Saturn's Moon Titan Drifting Away Faster Than Previously Thought
The new research by scientists at NASA and the Italian Space Agency has implications for the entire Saturn system as well as other planets and moons.
Just as our own Moon floats away from Earth a tiny bit more each year, other moons are doing the same with their host planets. As a moon orbits, its gravity pulls on the planet, causing a temporary bulge in the planet as it passes.
Larger than the planet Mercury, huge moon Titan is seen here as it orbits Saturn. Below Titan are the shadows cast by Saturn's rings. This natural color view was created by combining six images captured by NASA's Cassini spacecraft on May 6, 2012.
Over time, the energy created by the bulging and subsiding transfers from the planet to the moon, nudging it farther and farther out. Our Moon drifts 1.5 inches (3.8 centimeters) from Earth each year.
Scientists thought they knew the rate at which the giant moon Titan is moving away from Saturn, but they recently made a surprising discovery: Using data from NASA's Cassini spacecraft, they found Titan drifting a hundred times faster than previously understood - about 4 inches (11 centimeters) per year.
The findings may help address an age-old question. While scientists know that Saturn formed 4.6 billion years ago in the early days of the solar system, there's more uncertainty about when the planet's rings and its system of more than 80 moons formed. Titan is currently 759,000 miles (1.2 million kilometers) from Saturn. The revised rate of its drift suggests that the moon started out much closer to Saturn, which would mean the whole system expanded more quickly than previously believed.
"This result brings an important new piece of the puzzle for the highly debated question of the age of the Saturn system and how its moons formed," said Valery Lainey, lead author of the work published June 8 in Nature Astronomy. He conducted the research as a scientist at NASA's Jet Propulsion Laboratory in Southern California before joining the Paris Observatory at PSL University.

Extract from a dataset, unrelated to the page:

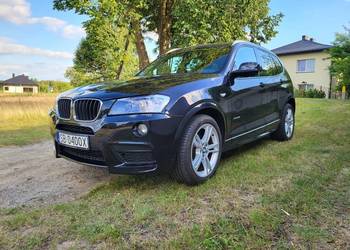 BMW X3 F25 2.0 M-Pakiet (2013) | Turbo Benzyna | Automat | 144 tys. km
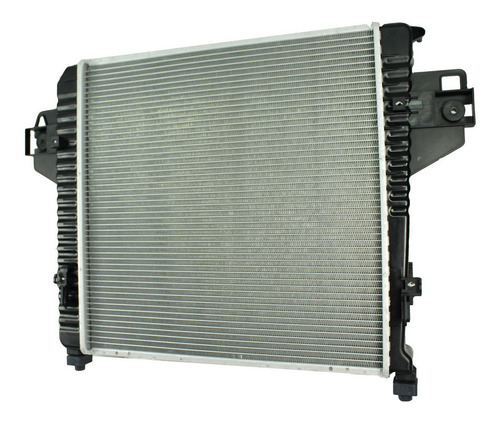 Imagen 6 de 10 de Radiador Jeep Liberty V6 3.7l 2002 2003 2004 2005 2006 T/a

Making Sense of Moon Migration
The findings on Titan's rate of drift also provide important confirmation of a new theory that explains and predicts how planets affect their moons' orbits.
For the last 50 years, scientists have applied the same formulas to estimate how fast a moon drifts from its planet, a rate that can also be used to determine a moon's age. Those formulas and the classical theories on which they're based were applied to moons large and small all over the solar system. The theories assumed that in systems such as Saturn's, with dozens of moons, the outer moons like Titan migrated outward more slowly than moons closer in because they are farther from their host planet's gravity.
Four years ago, theoretical astrophysicist Jim Fuller, now of Caltech, published research that upended those theories. Fuller's theory predicted that outer moons can migrate outward at a similar rate to inner moons because they become locked in a different kind of orbit pattern that links to
the particular wobble of a planet and slings them outward.
"The new measurements imply that these kind of planet-moon interactions can be more prominent than prior expectations and that they can apply to many systems, such as other planetary moon systems, exoplanets - those outside our solar system - and even binary star systems, where stars orbit each other," said Fuller, a coauthor of the new paper.
To reach their results, the authors mapped stars in the background of Cassini images and tracked Titan's position. To confirm their findings, they compared them with an independent dataset: radio science data collected by Cassini. During ten close flybys between 2006 and 2016, the spacecraft sent radio waves to Earth. Scientists studied how the signal's frequency was changed by their interactions with their surroundings to estimate how Titan's orbit evolved.
"By using two completely different datasets, we obtained results that are in full agreement, and also in agreement with Jim Fuller's theory, which predicted a much faster migration of Titan," said coauthor Paolo Tortora, of Italy's University of Bologna. Tortora is a member of the Cassini Radio Science team and worked on the research with the support of the Italian Space Agency.
Managed by JPL, Cassini was an orbiter that observed Saturn for more than 13 years before exhausting its fuel supply. The mission plunged it into the planet's atmosphere in September 2017, in part to protect its moon Enceladus, which Cassini discovered might hold conditions suitable for life.